Gears of War, entre néo et photo-réalisme
Le jeu d’Epic est plus une révolution culturelle que graphique.
Gears of War intime le respect de la presse vidéoludique. La qualité du titre est une sorte d’impératif catégorique, qui s’impose à la critique avec l’évidence d’un aphorisme. Mais l’emphase ou l’hyperbole, d’ordinaire si caractéristiques de la presse spécialisée, laissent place à un argumentation étonnamment raisonnée. Epic a-t-il tari le souffle de l’épopée ?
Tel le beau kantien, les développeurs auraient atteint, avec Gears of War, une perfection formelle, mais sans commune mesure avec la fascination outrancière qu’exerce une oeuvre sublime. Le jeu n’est-il qu’un shoot, doté d’une plus-value simplement graphique ?
Gears of War est un peu plus que cela. Véritable synecdoque des consoles de la nouvelle génération, il exemplifie à la fois ce qui est, et ce qui est à venir.
A cet égard, le titre est déjà bien plus novateur qu’il n’y paraît.

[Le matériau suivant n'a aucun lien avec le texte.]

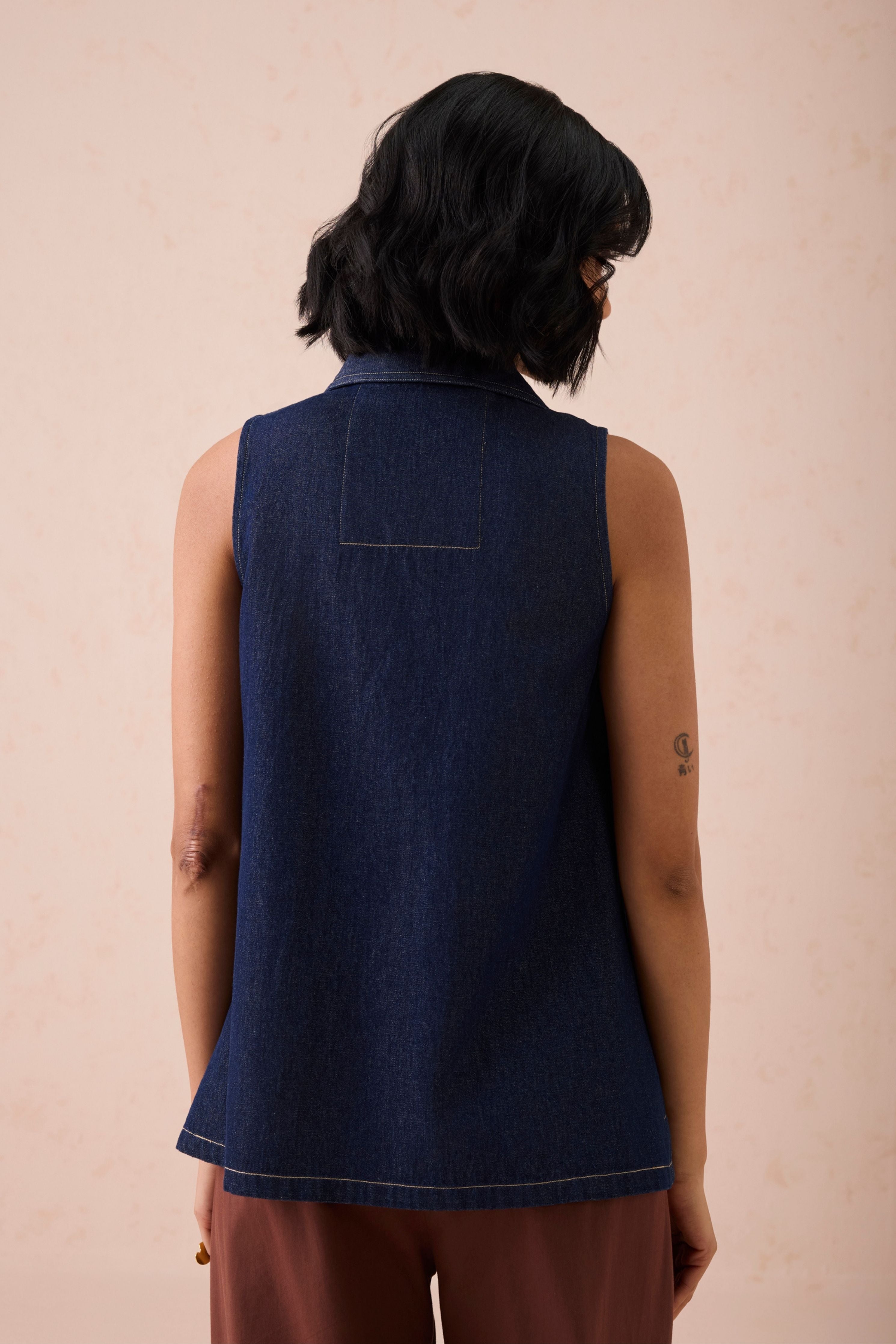 The Mountain Denim Sleevleess Shirt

Il l’est encore plus d’un point de vue structurel. Quand Charles Baudelaire prônait, au XIXe siècle, l’art pour l’art, Gears of War défend le jeu pour le jeu, véritable manifeste de l’avant-garde vidéoludique.

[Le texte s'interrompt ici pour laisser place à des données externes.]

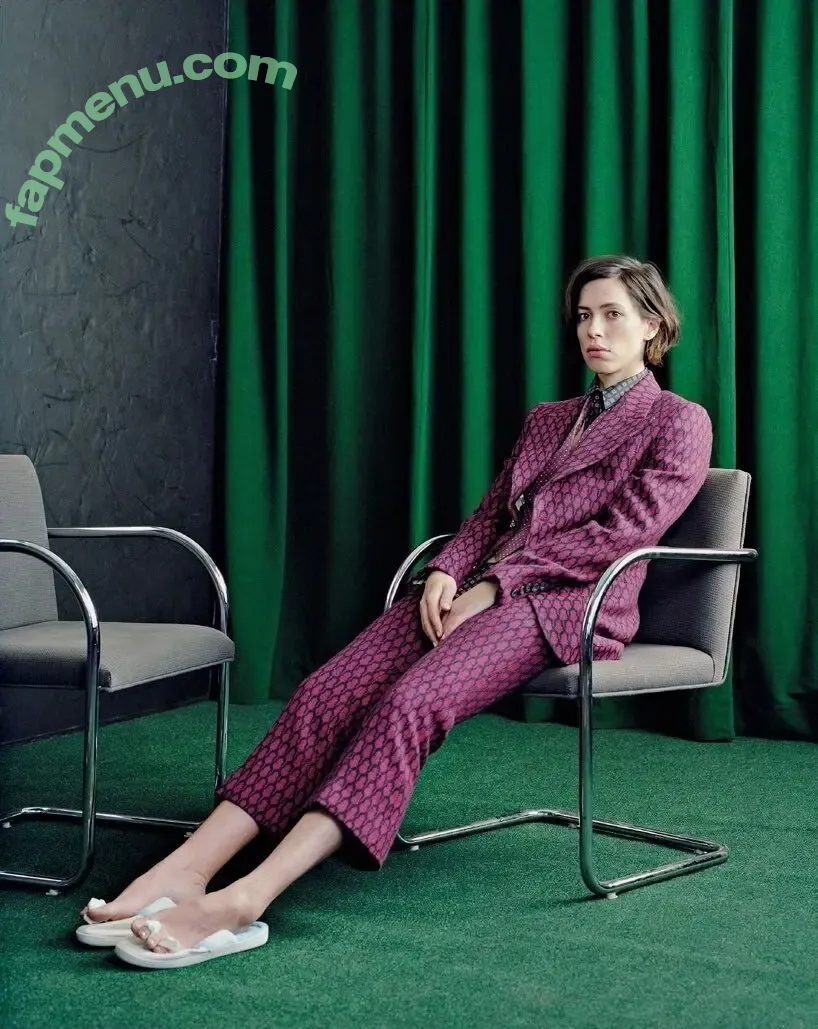 Rebecca Hall nude photo #0048 (rebeccahall / rebeccalords)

Dans une telle perspective, les graphismes et le scénario ne sont que des éléments superficiels, qui ne doivent pas détourner du jeu. Pourquoi la presse manque-t-elle à ce point d’enthousiasme ? Parce que le jeu est a-topique, a-chronique, et fait du gameplay le sens et l’essence de son être.
Les graphismes, tant magnifiés dans diverses publications, participent en réalité d’une esthétique du retrait et du dépouillement. Pour les développeurs, il s’agissait de mettre en scène - étrange paradoxe - la sobriété. Villes détruites, couloirs sombres, autant de lieux communs, mille fois arpentés des joueurs ; autant de patterns vidéoludiques, abstraits, à mille lieux des paysages photoréalistes.

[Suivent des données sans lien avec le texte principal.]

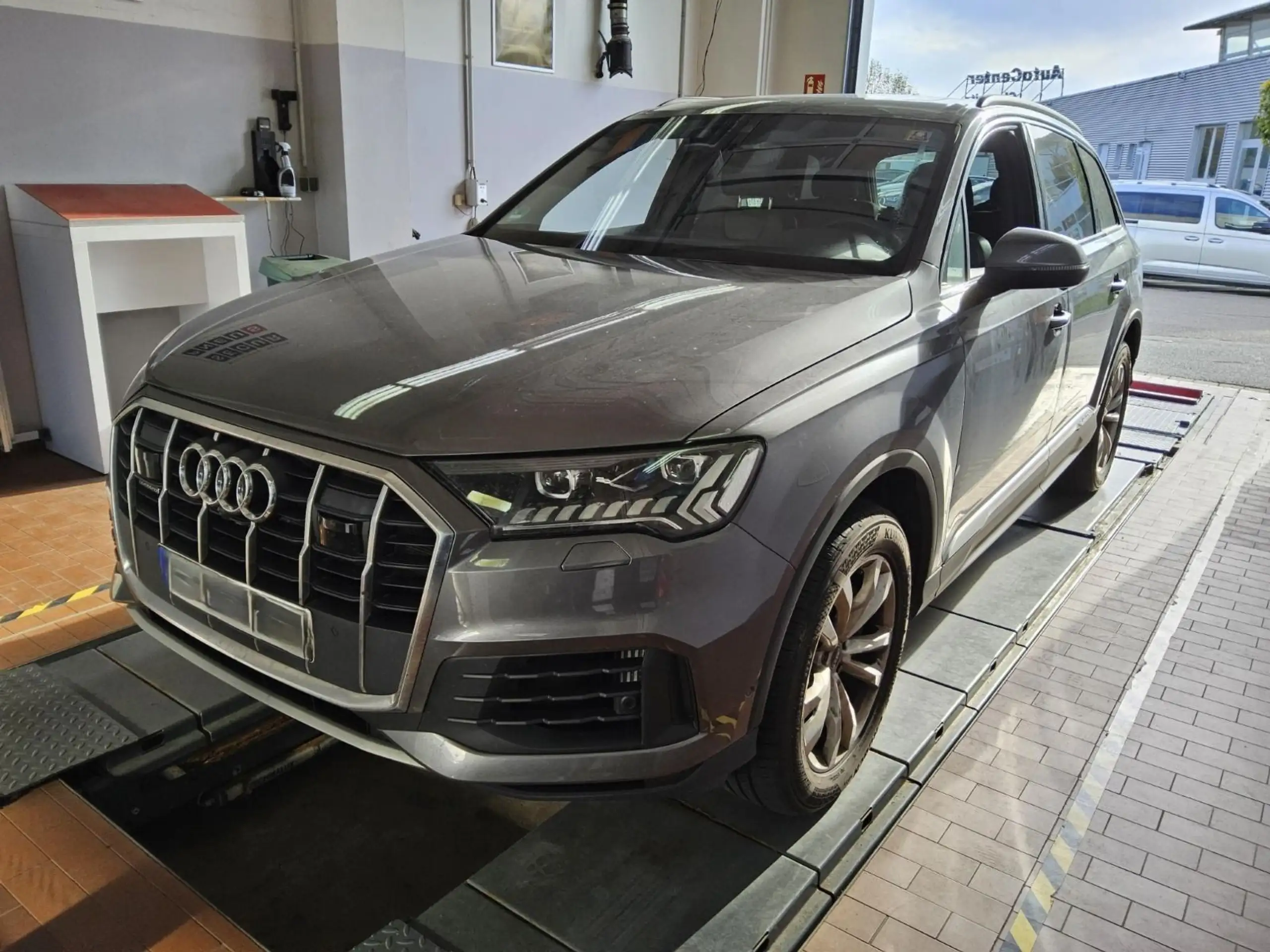 Audi - Q7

Lucides, les auteurs du jeu ont également pris soin de produire un scénario à l’universalisme abstrait. Projeté dans une action in medias res, le joueur affronte un autre, un fantasme, sans contours précisément définis. Après l’antihéros, Gears of War fait du protagoniste un homme commun.
Qui sont les Locustes ? Pourquoi la guerre a-t-elle éclaté ? Peu importe, seul compte le torrent de violence, qui se déchaîne sous les yeux des spectateurs. La saine absurdité de la trame narrative rejoint les règles de la tragédie antique.
Gears of War retrouve la pulsation primale du gameplay : le rythme binaire. Pour être accompli, un shoot doit être aussi intense dans l’action que dans l’inaction. Avec une conception stratégique des combats, les développeurs parviennent à donner du sens à l’inaction. La logique binaire absorbe même tout le gameplay. Le « game over » n’est plus la conséquence la plus fâcheuse d’une mauvaise action. Il est réintroduit comme une composante légitime, et irréfragable.